I'd like to perform a matrix product of two sparse SciPy matrices. However, the result is not sparse, in my case, so I'd like to store it as a dense NumPy array.
Is it possible to do this efficiently, that is without creating a "sparse" matrix first and then converting it? I'm free to choose any input format (whichever is more efficient).
An example: the product of two 10000x10000 99% sparse matrices with randomly distributed zeros will be dense:
n = 10_000
a = np.random.randn(n, n) * (np.random.randint(100, size=(n, n)) == 0)
b = np.random.randn(n, n) * (np.random.randint(100, size=(n, n)) == 0)
c = a.dot(b)
np.count_nonzero(c) / c.size # should be 0.63
import numpy as np
from scipy import sparse
n = 10_000
a = sparse.csr_matrix(np.random.randn(n, n) * (np.random.randint(100, size=(n, n)) == 0))
b = sparse.csr_matrix(np.random.randn(n, n) * (np.random.randint(100, size=(n, n)) == 0))
c = a.dot(b)
>>> c
<10000x10000 sparse matrix of type '<class 'numpy.float64'>'
with 63132806 stored elements in Compressed Sparse Row format>
Yeah, this is a really inefficient way to store this matrix. There's no way in scipy to go straight to dense though. You can use the sparseBLAS functions that go straight to dense (which exist for the use case you are describing).

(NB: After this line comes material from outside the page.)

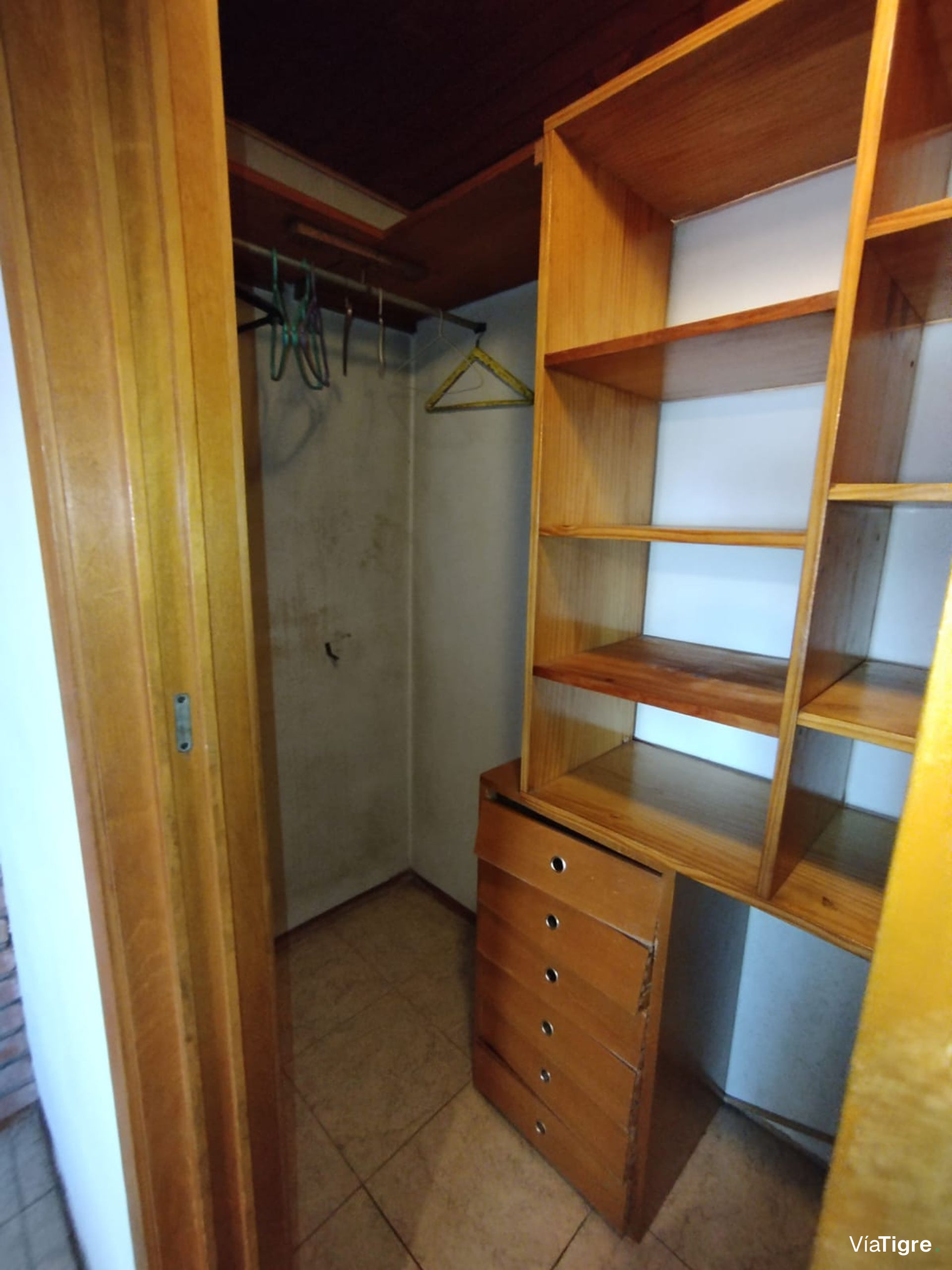 Venta Casa 4 Ambientes Con Lote De 299Mts2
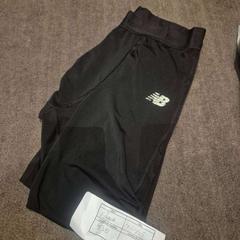 Pantalons black, segons ha informat The Dominican mitjançant iLost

There's a python wrapper for MKL that I use for this, which wraps mkl_sparse_spmmd:
from sparse_dot_mkl import dot_product_mkl
c_dense = dot_product_mkl(a, b, dense=True)
>>>> np.sum(c_dense != 0)
63132806
It's also threaded so it's a lot faster than scipy. Getting MKL installed is left to the reader (conda install -c intel mkl
is probably easiest though)